L’idée de régulation fait à peu près l’unanimité. Nicolas, 31 ans, va même plus loin :
« Il faut taxer aux frontières. Le consommateur achète le produit le moins cher et c’est bien normal. Si un fruit importé d’Uruguay te coûte moins cher que celui produit en bas de chez toi, rien ne peut fonctionner de manière juste. Taxer aux frontières ferait du bien à tout le monde. Aux producteurs bien sûr, aux consommateurs aussi, car ce serait plus sain. Pour la planète également. »
Associé à son frère sur une exploitation laitière de Saint-Joseph (Loire) qui compte 250 chèvres et 50 bovins, il semble fatigué. C’est à l’ombre et avec une boisson fraîche qu’il raconte son quotidien :
« 300 heures mensuelles, pour 1000 à 1500 euros. J’évite de calculer à l’heure, du coup. On aimerait employer. Mais là encore le calcul est simple : 40 000 euros annuels avec les charges. Aucun employé agricole ne peut rapporter autant s’il est aux 35 heures. Même avec des subventions. Ce qu’on veut c’est vivre de notre métier. »
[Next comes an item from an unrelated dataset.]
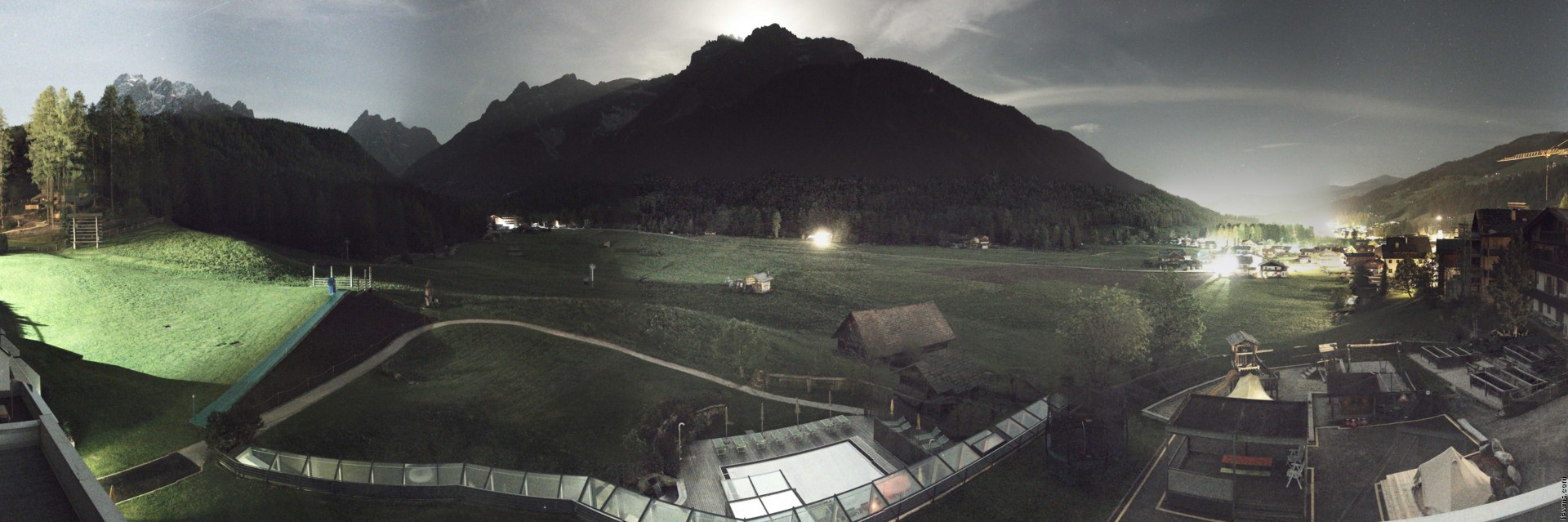 Archiv Foto Webcam Family Resort Rainer im Bergdorf Sexten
En vivre mais aussi le transmettre. Nicolas n’a pas d’enfant mais trois neveux qui ont grandi sur l’exploitation et qui pourraient peut-être la reprendre :
« Le plus âgé a 14 ans et commence à s’orienter pour reprendre l’affaire. Mais j’ai peur que d’ici à ce qu’il reprenne le flambeau, il faille 600 heures mensuelles au lieu de 300 pour gagner autant. J’ai peur que le métier devienne invivable, déjà qu’il est moins viable chaque année. »
Le mouvement de protestation qui s’est installé à Solaize vers 6 heures ce matin doit continuer jusqu’à la fin de journée. Les éleveurs attendent « un message fort des pouvoirs publics ». Même si, comme le résume Nicolas, « tout ne va pas s’arranger en un jour ». « C’est une prise de conscience qu’il faut appliquer sur le long terme », estime-t-il.